_WORKING DATA:_
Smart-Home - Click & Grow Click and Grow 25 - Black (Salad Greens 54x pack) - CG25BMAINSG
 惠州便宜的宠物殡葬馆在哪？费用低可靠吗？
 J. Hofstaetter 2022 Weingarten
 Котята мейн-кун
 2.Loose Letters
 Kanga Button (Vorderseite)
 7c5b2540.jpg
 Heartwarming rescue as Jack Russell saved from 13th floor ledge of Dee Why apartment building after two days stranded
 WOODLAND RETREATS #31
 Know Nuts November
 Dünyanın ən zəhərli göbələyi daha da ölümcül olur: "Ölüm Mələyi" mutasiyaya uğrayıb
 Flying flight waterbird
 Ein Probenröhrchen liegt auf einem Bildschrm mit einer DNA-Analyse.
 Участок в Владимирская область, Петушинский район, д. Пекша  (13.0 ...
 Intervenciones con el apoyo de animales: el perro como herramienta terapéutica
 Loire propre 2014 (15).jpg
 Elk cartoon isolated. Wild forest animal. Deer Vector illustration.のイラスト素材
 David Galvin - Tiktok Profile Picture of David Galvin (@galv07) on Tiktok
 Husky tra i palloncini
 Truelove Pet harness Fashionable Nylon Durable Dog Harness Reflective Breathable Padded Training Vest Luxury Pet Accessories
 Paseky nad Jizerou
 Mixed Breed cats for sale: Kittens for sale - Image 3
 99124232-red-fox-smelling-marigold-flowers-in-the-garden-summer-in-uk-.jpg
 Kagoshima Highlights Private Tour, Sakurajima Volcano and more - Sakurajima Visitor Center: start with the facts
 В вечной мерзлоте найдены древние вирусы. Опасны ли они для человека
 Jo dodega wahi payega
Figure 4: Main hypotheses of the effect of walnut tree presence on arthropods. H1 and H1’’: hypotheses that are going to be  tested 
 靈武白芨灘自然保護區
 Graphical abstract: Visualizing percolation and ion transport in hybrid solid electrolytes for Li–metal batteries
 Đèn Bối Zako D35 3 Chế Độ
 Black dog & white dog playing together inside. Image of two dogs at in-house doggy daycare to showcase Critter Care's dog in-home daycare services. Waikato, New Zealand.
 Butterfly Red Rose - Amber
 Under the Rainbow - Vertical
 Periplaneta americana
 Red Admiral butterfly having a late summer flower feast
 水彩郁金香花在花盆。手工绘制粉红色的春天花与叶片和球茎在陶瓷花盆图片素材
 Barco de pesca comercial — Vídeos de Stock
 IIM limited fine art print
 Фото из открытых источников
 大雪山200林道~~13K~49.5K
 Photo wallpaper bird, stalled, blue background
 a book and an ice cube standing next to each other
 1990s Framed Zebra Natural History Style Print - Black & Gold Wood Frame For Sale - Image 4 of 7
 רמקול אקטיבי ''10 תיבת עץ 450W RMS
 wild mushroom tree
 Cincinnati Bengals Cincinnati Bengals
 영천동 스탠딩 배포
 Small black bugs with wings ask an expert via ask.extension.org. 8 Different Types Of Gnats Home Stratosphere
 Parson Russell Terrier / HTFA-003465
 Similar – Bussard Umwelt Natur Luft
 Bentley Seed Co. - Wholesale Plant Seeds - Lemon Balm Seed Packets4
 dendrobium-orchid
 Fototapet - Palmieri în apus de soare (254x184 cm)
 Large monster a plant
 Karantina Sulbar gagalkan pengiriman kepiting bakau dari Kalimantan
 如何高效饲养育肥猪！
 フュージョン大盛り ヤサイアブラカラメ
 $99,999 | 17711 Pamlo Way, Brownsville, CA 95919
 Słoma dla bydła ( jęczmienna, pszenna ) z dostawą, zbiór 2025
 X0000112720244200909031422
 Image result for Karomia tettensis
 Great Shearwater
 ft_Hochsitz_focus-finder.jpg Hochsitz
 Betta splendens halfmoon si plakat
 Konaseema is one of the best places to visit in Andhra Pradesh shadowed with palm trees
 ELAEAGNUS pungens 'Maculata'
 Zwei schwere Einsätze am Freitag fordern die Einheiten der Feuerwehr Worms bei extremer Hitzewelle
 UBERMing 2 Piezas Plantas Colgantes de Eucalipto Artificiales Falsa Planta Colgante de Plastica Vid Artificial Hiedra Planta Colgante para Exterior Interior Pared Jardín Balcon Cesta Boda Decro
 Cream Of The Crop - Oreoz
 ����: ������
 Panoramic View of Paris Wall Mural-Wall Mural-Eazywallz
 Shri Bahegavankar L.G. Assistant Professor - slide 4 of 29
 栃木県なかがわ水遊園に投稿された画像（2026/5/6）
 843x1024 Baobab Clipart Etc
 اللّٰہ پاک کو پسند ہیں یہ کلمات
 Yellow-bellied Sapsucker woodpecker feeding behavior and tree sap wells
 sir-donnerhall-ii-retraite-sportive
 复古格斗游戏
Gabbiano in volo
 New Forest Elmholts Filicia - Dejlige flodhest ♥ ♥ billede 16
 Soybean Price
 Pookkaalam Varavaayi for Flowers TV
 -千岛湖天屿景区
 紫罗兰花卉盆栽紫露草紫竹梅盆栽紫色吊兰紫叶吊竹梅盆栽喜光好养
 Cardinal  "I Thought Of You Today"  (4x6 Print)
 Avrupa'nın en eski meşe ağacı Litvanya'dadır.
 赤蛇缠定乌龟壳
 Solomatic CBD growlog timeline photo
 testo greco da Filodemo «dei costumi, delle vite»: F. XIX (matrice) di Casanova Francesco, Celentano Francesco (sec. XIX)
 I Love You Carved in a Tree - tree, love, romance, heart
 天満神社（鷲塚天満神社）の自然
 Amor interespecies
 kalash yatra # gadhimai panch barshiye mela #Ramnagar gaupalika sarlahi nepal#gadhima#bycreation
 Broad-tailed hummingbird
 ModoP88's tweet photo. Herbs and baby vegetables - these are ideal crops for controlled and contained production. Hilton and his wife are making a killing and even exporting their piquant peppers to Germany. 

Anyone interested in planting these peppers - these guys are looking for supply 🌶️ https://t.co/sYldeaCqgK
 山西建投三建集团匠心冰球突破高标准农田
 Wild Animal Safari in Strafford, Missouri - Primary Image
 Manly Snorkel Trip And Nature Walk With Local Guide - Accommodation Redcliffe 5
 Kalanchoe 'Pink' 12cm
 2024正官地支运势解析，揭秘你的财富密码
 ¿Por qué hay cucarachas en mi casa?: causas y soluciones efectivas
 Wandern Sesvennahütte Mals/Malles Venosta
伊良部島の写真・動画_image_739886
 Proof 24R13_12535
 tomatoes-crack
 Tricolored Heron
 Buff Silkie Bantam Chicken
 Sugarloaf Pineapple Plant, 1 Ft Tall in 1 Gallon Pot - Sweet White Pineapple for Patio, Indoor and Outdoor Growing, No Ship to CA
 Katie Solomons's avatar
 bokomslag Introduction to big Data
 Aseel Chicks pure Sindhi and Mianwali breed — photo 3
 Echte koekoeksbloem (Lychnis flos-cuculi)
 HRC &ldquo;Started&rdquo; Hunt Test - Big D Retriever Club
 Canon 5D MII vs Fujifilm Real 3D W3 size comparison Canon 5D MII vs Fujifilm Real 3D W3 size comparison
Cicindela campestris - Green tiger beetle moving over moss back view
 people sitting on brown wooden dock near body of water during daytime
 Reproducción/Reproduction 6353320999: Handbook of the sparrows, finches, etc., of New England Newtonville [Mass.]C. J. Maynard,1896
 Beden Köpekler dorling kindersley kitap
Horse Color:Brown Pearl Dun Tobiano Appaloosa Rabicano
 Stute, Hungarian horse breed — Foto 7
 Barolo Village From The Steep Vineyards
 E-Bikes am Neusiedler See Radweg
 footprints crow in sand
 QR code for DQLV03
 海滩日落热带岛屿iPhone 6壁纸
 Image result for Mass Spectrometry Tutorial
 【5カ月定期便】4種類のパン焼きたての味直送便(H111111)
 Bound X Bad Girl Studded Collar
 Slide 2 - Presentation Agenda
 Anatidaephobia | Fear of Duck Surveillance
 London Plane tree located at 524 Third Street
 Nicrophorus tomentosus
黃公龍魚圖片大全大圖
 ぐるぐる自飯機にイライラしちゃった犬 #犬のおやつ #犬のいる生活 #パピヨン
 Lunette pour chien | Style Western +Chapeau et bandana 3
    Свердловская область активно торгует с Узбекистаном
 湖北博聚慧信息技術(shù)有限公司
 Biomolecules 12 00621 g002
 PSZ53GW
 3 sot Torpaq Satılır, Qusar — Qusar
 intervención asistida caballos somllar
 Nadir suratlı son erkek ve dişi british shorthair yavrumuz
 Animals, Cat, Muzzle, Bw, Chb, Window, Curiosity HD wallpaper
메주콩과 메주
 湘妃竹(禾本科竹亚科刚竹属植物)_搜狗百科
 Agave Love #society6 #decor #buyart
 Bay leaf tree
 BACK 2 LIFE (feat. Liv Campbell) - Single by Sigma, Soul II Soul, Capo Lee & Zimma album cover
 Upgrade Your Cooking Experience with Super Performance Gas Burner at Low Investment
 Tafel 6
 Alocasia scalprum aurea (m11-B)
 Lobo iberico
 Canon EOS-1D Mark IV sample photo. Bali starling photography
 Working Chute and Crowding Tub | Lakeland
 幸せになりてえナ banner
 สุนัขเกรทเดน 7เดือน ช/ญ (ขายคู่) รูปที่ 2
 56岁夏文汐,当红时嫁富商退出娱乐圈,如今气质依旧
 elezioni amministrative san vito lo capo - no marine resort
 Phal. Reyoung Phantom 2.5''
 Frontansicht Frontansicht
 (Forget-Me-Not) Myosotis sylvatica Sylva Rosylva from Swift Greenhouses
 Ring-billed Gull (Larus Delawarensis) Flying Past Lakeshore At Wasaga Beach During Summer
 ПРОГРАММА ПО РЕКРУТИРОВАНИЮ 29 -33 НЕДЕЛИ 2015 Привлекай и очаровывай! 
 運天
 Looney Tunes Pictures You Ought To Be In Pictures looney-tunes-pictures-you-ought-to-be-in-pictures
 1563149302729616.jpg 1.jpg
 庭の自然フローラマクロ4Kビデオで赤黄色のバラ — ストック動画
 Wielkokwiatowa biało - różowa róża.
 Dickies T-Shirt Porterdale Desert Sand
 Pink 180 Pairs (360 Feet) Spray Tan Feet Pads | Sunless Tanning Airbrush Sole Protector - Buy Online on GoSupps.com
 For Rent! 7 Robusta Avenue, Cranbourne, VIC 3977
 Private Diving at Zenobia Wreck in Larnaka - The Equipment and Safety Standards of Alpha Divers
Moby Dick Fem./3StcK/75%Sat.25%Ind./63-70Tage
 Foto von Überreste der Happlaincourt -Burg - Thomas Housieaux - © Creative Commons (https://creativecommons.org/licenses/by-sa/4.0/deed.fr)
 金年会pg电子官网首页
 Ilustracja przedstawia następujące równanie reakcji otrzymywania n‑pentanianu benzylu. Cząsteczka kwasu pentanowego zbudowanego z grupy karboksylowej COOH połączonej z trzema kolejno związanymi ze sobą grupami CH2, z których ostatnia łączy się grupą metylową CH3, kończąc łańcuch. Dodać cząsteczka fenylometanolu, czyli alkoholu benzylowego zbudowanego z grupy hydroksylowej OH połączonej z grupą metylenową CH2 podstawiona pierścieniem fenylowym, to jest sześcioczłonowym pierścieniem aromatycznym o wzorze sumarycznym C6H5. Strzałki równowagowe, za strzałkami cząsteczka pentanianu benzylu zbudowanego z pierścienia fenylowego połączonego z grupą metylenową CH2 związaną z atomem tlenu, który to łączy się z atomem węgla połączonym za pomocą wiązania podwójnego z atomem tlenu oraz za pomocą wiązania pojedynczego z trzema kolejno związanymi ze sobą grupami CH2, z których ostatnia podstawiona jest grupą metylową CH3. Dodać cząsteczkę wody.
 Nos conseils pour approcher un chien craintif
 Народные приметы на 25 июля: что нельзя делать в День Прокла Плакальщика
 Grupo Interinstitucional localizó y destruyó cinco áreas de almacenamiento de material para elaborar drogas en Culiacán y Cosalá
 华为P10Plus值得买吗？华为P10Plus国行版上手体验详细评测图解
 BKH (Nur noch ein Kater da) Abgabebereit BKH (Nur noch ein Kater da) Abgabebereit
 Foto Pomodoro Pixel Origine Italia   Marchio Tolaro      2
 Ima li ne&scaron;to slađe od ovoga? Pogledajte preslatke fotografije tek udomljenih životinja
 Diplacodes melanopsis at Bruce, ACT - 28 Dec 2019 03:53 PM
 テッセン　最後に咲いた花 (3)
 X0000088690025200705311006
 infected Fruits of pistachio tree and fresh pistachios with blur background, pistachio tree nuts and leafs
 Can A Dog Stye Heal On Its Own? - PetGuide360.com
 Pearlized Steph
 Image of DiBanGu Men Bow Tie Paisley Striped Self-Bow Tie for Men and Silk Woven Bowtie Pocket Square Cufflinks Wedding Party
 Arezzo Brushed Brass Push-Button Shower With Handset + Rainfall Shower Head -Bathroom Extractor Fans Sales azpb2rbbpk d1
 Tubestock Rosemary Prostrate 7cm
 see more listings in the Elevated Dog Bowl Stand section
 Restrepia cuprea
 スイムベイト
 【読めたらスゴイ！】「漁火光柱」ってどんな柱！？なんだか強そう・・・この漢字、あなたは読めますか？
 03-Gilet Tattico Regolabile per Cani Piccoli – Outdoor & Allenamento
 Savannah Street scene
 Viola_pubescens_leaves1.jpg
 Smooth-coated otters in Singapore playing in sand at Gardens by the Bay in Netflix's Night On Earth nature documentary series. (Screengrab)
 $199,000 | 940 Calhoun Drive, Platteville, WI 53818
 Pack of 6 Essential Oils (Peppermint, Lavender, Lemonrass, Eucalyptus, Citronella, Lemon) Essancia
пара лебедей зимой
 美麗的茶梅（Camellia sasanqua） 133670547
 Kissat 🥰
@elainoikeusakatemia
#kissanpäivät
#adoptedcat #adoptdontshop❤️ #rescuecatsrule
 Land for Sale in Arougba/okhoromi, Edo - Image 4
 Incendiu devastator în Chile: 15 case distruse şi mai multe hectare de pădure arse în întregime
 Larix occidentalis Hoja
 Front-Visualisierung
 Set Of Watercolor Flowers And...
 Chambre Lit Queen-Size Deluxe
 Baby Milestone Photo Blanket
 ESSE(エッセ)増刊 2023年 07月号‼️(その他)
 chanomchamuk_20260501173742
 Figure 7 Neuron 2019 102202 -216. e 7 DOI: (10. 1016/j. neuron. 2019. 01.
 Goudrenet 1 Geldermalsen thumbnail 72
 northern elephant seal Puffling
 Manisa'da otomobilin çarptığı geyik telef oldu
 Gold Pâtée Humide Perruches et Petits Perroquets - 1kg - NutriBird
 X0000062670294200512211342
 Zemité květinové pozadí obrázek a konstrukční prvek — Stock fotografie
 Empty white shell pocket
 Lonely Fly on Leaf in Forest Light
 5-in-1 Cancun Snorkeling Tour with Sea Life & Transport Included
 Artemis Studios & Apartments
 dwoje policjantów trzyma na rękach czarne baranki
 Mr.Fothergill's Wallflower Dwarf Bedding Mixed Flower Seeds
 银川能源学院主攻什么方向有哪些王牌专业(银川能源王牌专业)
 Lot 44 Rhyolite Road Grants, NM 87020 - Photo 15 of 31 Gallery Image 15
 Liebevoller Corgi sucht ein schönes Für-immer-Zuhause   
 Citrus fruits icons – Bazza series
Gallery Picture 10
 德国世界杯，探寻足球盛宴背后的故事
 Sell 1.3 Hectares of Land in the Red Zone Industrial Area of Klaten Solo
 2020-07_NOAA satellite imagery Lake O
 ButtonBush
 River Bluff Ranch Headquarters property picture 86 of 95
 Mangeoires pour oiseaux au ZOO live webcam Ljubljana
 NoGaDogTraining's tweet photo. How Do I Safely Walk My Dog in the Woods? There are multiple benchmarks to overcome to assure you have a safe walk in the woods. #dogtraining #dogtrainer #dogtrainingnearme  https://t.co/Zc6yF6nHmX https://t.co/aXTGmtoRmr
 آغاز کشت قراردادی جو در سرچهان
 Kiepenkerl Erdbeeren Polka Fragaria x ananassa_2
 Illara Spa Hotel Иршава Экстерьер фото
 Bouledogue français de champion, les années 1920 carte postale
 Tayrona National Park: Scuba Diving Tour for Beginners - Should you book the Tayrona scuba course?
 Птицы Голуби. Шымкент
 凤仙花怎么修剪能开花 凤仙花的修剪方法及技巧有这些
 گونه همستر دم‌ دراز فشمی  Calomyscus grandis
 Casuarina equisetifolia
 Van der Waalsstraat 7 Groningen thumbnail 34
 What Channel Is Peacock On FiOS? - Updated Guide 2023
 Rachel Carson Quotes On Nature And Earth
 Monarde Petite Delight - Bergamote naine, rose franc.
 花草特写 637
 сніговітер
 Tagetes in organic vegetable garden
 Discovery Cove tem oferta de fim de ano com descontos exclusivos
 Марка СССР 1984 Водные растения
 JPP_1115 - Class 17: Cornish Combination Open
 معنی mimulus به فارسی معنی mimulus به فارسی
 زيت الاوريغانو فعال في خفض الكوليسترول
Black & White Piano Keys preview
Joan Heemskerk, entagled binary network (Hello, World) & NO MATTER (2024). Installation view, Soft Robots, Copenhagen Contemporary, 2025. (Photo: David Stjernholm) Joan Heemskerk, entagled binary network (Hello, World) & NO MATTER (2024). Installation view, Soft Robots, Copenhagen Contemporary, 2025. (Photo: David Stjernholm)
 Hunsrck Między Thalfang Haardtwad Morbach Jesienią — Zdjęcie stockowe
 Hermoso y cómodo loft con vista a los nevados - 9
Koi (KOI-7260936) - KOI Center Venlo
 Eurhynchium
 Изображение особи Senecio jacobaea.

_WHAT IS NEEDED:_ In the entries above, find each line with "Lemon" and copy it.

_REPLY:_
 Bentley Seed Co. - Wholesale Plant Seeds - Lemon Balm Seed Packets4
 Pack of 6 Essential Oils (Peppermint, Lavender, Lemonrass, Eucalyptus, Citronella, Lemon) Essancia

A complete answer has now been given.